The Don Siegel picture was set in a small town, and Philip Kaufman’s excellent remake, Invasion of the Body Snatchers, took place in the big city, but this one is laid on an army base, which turns out to be an extremely apt location even if the movie doesn’t exploit it to its full potential! On the other hand, if they’d pushed the dehumanization inherent to the military too much, it might have seemed preachy or at least overbaked, so maybe Ferrara and his screenwriters (including Stuart Gordon, who was originally supposed to direct it, I believe) got it right!
We join a non-military family as they arrive at the base: dad works for the EPA, and is not a supercilious bureaucrat like the EPA guy in Ghostbusters, but a shaggy ex-hippie type; mom, or rather, stepmom, is played by Meg Tilly from Psycho II and Impulse (and who's particularly effective once she turns counterfeit); and there’s a teenage daughter who’s more or less the main character; and then there’s a little guy too, maybe five years old, played by one of the best child actors I’ve ever seen! Ha ha, he’s really terrific! Ferrara must have liked him too, because he used the young chap again in his next picture, the Madonna vs. Harvey Keitel one that I've seen, and completely forgotten, called Dangerous Games!
Anyway, one guy on the base who sure hasn’t been taken over yet is the post’s chain-smoking doctor, played with much nervousness by Forest Whitaker from Ghost Dog: The Way of the Samurai! On the other hand, R. Lee Ermey from Full Metal Jacket is the commanding officer, and there’s no discerning that guy from a pod version, is there, ha ha! Billy Wirth from The Lost Boys plays a sympathetic soldier who becomes a co-hero along with the girl!

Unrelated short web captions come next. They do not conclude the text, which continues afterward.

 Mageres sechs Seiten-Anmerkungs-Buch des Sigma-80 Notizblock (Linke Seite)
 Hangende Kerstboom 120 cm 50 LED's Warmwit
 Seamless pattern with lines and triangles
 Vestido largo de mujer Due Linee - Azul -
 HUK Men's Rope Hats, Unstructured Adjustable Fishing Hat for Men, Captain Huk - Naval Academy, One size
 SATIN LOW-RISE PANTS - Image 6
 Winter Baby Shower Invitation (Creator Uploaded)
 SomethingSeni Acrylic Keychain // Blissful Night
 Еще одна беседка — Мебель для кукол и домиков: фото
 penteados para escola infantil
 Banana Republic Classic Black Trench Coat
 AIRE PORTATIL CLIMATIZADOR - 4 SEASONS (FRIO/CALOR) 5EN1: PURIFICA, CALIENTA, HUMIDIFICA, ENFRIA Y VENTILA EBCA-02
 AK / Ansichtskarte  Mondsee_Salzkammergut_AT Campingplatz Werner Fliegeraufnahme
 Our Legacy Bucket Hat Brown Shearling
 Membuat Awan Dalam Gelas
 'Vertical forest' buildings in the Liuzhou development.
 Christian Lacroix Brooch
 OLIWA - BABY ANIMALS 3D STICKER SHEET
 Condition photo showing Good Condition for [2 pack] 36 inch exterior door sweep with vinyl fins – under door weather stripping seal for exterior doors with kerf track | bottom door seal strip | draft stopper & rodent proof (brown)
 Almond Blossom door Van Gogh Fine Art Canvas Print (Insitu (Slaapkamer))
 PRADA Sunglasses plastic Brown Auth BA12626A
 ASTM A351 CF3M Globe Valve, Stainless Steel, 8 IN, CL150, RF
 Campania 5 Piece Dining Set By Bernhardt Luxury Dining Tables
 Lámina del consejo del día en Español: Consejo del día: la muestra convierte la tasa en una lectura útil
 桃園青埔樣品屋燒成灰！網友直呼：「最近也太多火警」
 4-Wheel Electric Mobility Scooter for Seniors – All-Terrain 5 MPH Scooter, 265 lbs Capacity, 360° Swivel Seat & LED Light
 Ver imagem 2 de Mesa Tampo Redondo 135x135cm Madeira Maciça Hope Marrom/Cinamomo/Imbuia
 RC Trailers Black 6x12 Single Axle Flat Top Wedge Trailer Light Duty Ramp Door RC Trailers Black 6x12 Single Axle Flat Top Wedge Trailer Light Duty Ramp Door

As always when I see little kids in horror movies, I dreaded what might happen to the little brother; and indeed one of the most effective scenes in the early part of the picture has him becoming heartbreakingly alarmed when every other kid in his classroom has made the exact same finger painting! You can see it in the eyes of this fine little actor: the dawning awareness that his own very different painting has made him an object of suspicion and maybe even of attack from his zomboid classmates!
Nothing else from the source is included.